An exact transcription of each entry below is required, without any pictures.

-- Opening Marker --

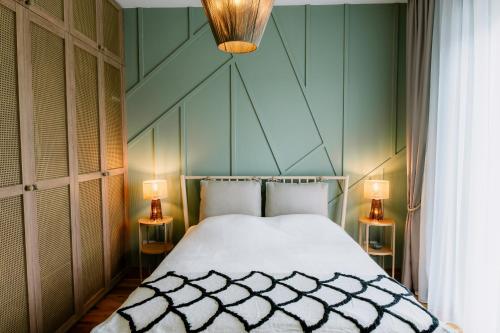 a bedroom with a large white bed with two lamps at Oakville House - Kosmaj - Avala in Mala Ivanča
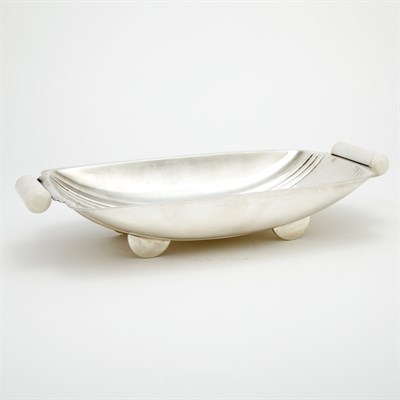 Lot 260 - English Art Deco Silver Bread Tray William...
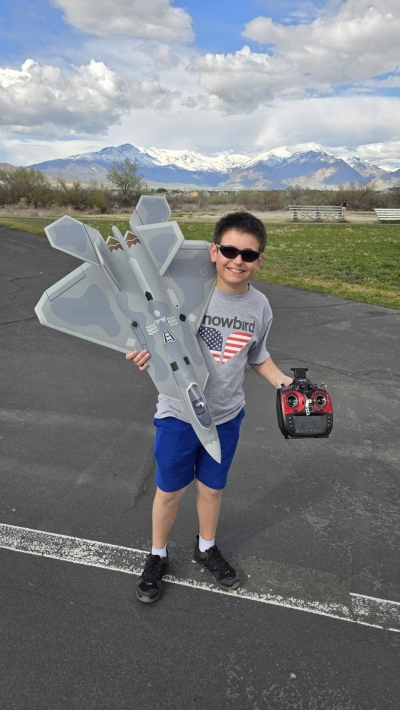 4 CH XFly-Model F-22 Raptor Twin 40mm RC EDF Jet - Radio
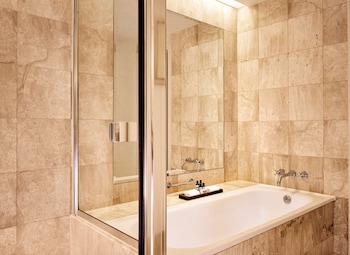 Suite, 1 King Bed (Regency)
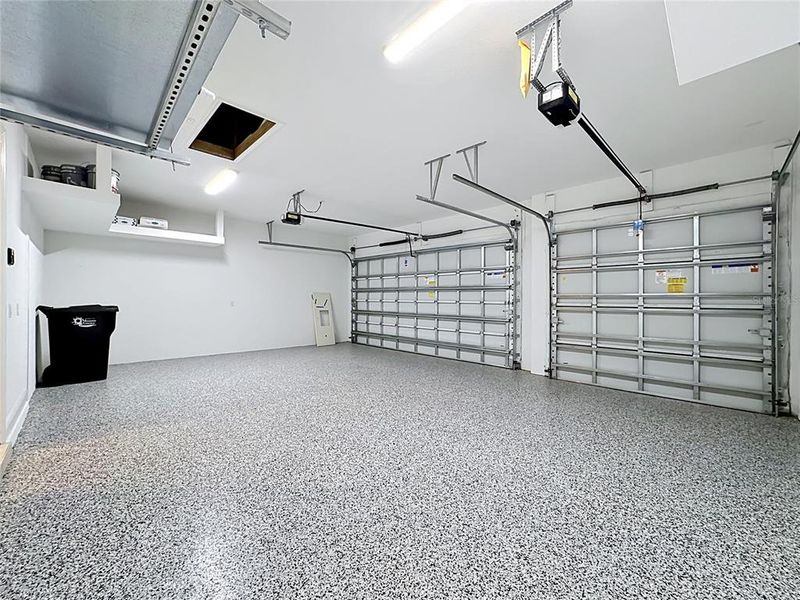 Spacious, unfurnished interior of a new home in Watercolor Place, Bradenton (Image 42).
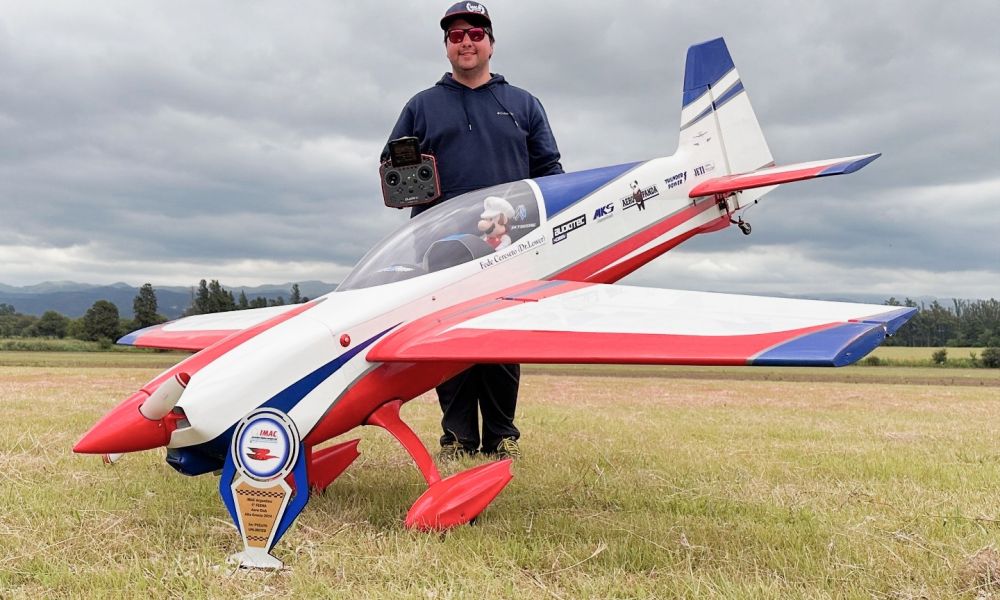 Federico Cereseto con su avión Extra 300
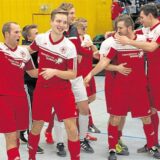 2014 jubelte der TuS Hemmerde über den Sieg bei der Hallenfußball-Stadtmeisterschaft Unna.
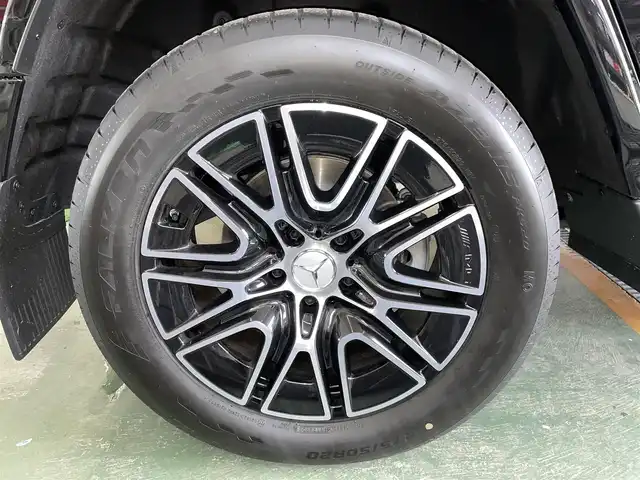 メルセデス・ベンツ ゲレンデヴァーゲン Ｇ４５０ｄ 宮城県 2025(令7)年 0.1万km未満 オブシディアンブラック 登録時走行距離11km//AMGラインパッケージ//MANUFAKTURプログラムプラス//MANUFAKTURロゴパッケージ//MANUFAKTUR同色スペアタイヤリング//内装色：MANUFAKTURチタニウムグレー//MBUXマルチメディアシステム//スライディングルーフ//レーダークルーズコントロール//アクティブパーキングアシスト//シートヒーター/ベンチレーション//ステアリングヒーター//ワイヤレス充電//温度制御式カップホルダー//純正フロアマット//ビルトインETC2.0//スマートキーx2//ワンオーナー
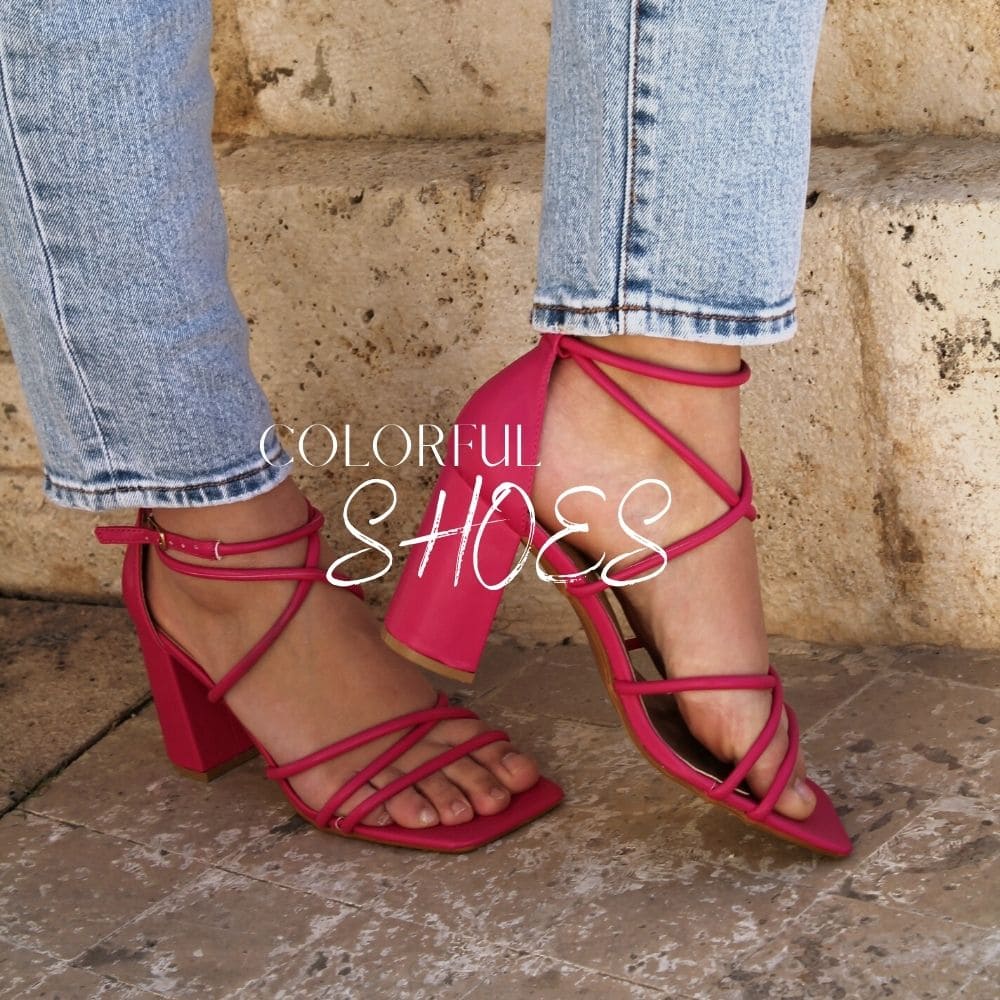 Zapatillas rojas para mujer: estilismos de Instagram. ¡Destaca por el  color!
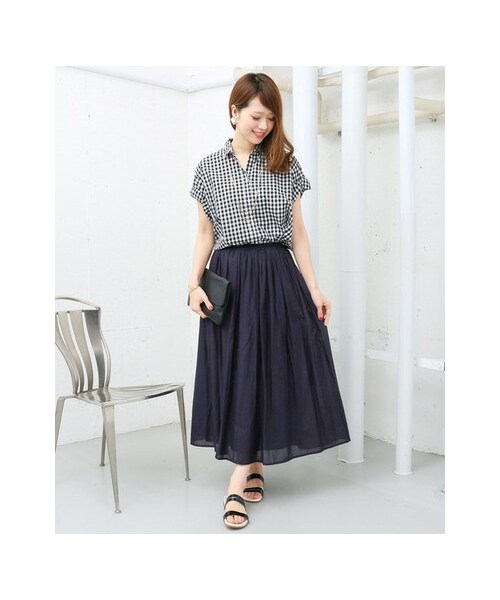 URBAN RESEARCH DOORS(アーバンリサーチドアーズ)の「コットンギャザーロングスカート(スカート・レディース・LIGHT GRAY/BEIGE/GREEN/NAVY・one)」の11枚目の写真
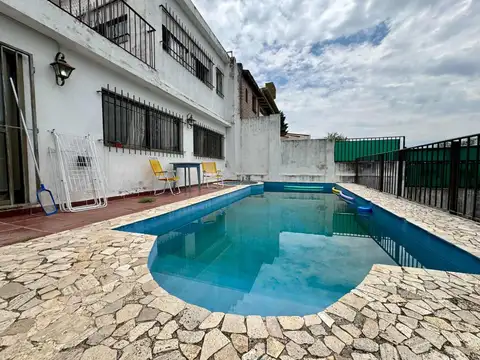 Casa 6 ambientes con 2 baños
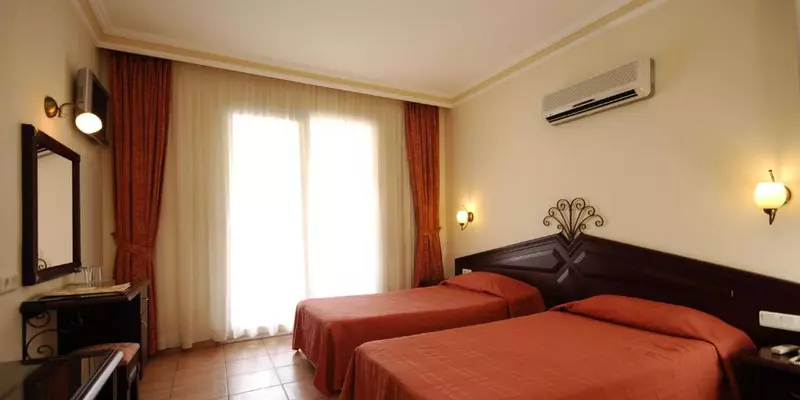 room_f411cc7e-8b5d-4d82-b2d0-83c55356ed2b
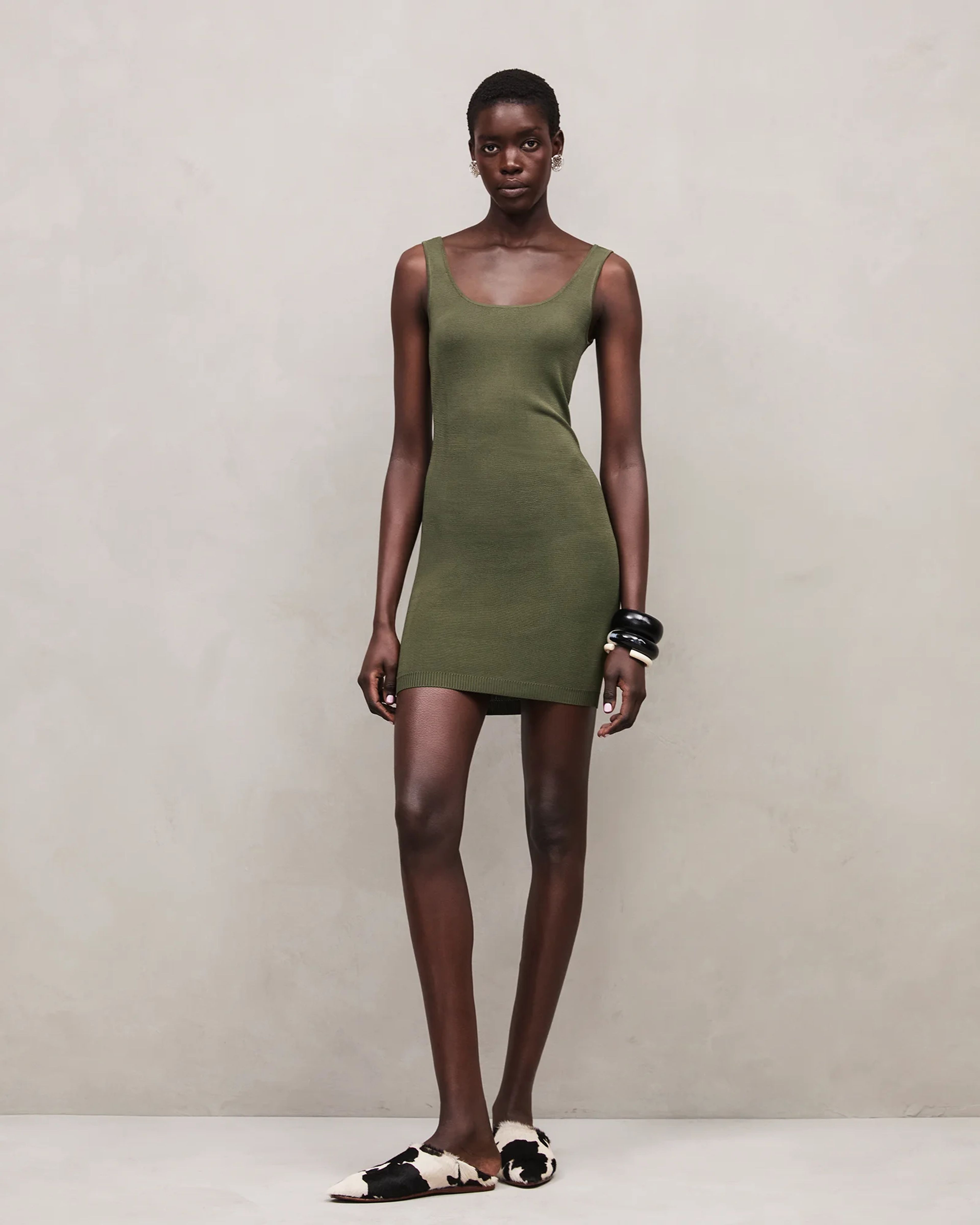 square-neck-mini-moss photo model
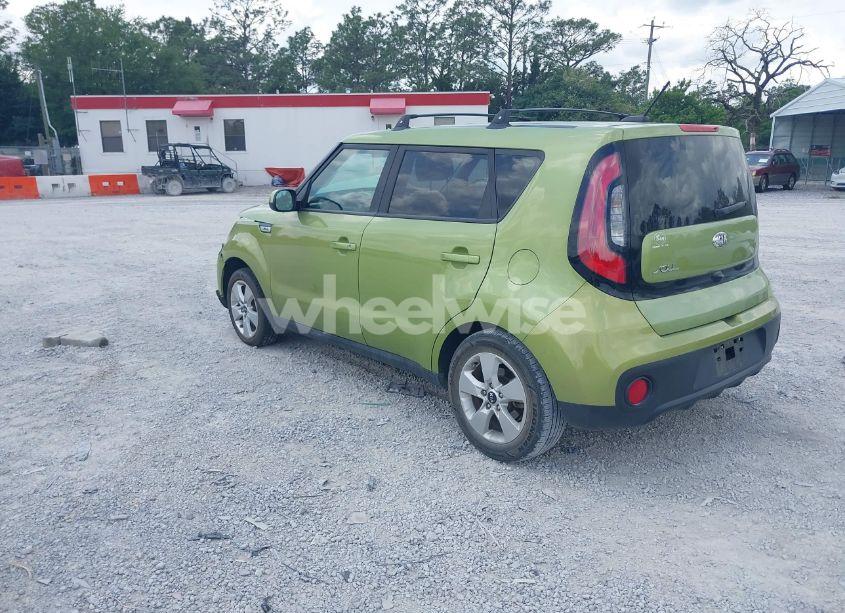 Photo 3 of 2019 Kia Soul (VIN KNDJN2A26K7920520)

-- Closing Marker --

* [Written solution]
 a bedroom with a large white bed with two lamps at Oakville House - Kosmaj - Avala in Mala Ivanča
 Lot 260 - English Art Deco Silver Bread Tray William...
 4 CH XFly-Model F-22 Raptor Twin 40mm RC EDF Jet - Radio
 Suite, 1 King Bed (Regency)
 Spacious, unfurnished interior of a new home in Watercolor Place, Bradenton (Image 42).
 Federico Cereseto con su avión Extra 300
 2014 jubelte der TuS Hemmerde über den Sieg bei der Hallenfußball-Stadtmeisterschaft Unna.
 メルセデス・ベンツ ゲレンデヴァーゲン Ｇ４５０ｄ 宮城県 2025(令7)年 0.1万km未満 オブシディアンブラック 登録時走行距離11km//AMGラインパッケージ//MANUFAKTURプログラムプラス//MANUFAKTURロゴパッケージ//MANUFAKTUR同色スペアタイヤリング//内装色：MANUFAKTURチタニウムグレー//MBUXマルチメディアシステム//スライディングルーフ//レーダークルーズコントロール//アクティブパーキングアシスト//シートヒーター/ベンチレーション//ステアリングヒーター//ワイヤレス充電//温度制御式カップホルダー//純正フロアマット//ビルトインETC2.0//スマートキーx2//ワンオーナー
 Zapatillas rojas para mujer: estilismos de Instagram. ¡Destaca por el  color!
 URBAN RESEARCH DOORS(アーバンリサーチドアーズ)の「コットンギャザーロングスカート(スカート・レディース・LIGHT GRAY/BEIGE/GREEN/NAVY・one)」の11枚目の写真
 Casa 6 ambientes con 2 baños
 room_f411cc7e-8b5d-4d82-b2d0-83c55356ed2b
 square-neck-mini-moss photo model
 Photo 3 of 2019 Kia Soul (VIN KNDJN2A26K7920520)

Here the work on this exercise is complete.